What Calendar did Muslim farmers use for agrarian purposes? Was this an issue that was discussed among muslim majority societies? If a muslim area did adopt a solar calendar would this have been controversial?
I'm not super well-equipped to comment on the specifics of agrarian calendars (suffice it to say, though, that solar calendars were often used for practical purposes—be they pre-existing Christian ones or some of the innovations discussed below), but as for the final part of your question—
If a muslim area did adopt a solar calendar would this have been controversial?

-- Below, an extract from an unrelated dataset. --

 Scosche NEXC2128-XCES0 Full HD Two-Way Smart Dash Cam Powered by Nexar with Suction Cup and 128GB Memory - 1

—I can say without a doubt that by the early modern period, at least, it was not unusual for governments to operate on multiple-calendar systems. Perhaps switching entirely to a solar year would have excited controversy, but in these cases the traditional lunar calendar was retained for general use while various solar calendars were adopted for more specialized purposes. In Muslim Spain and North Africa, for example, the tāʾrīkh al-ṣufr was an Islamic version of the era hispanica used for solar dates among the Christian kingdoms of the Iberian peninsula.
The Ottoman financial (maliyye, or rumi) year, too, was based on the Julian calendar. There were a few major differences from the Julian calendar, though: from 1677 on, the year officially began on March 1, and (more importantly), the maliyye year was always* numbered the same as the lunar hijrī year in which it began. (So the maliyye year beginning in 900 AH would be numbered 900 as well, even though it would inevitably spill over into 901 AH.) The ~11-day mismatch between the two systems meant that for every 32 maliyye years, 33 hijrī years had passed: the missing maliyye year, called the sıvış or "skip" year, caused a great deal of issues for the Ottoman administration and has been argued to have been at the root of recurring financial crises until the dual-calendar system was abandoned in favor of the official adoption of the Gregorian calendar in 1918. This is a great example of how a dual-calendar system might not even be controversial in the popular view, but can cause quite a mess for other reasons.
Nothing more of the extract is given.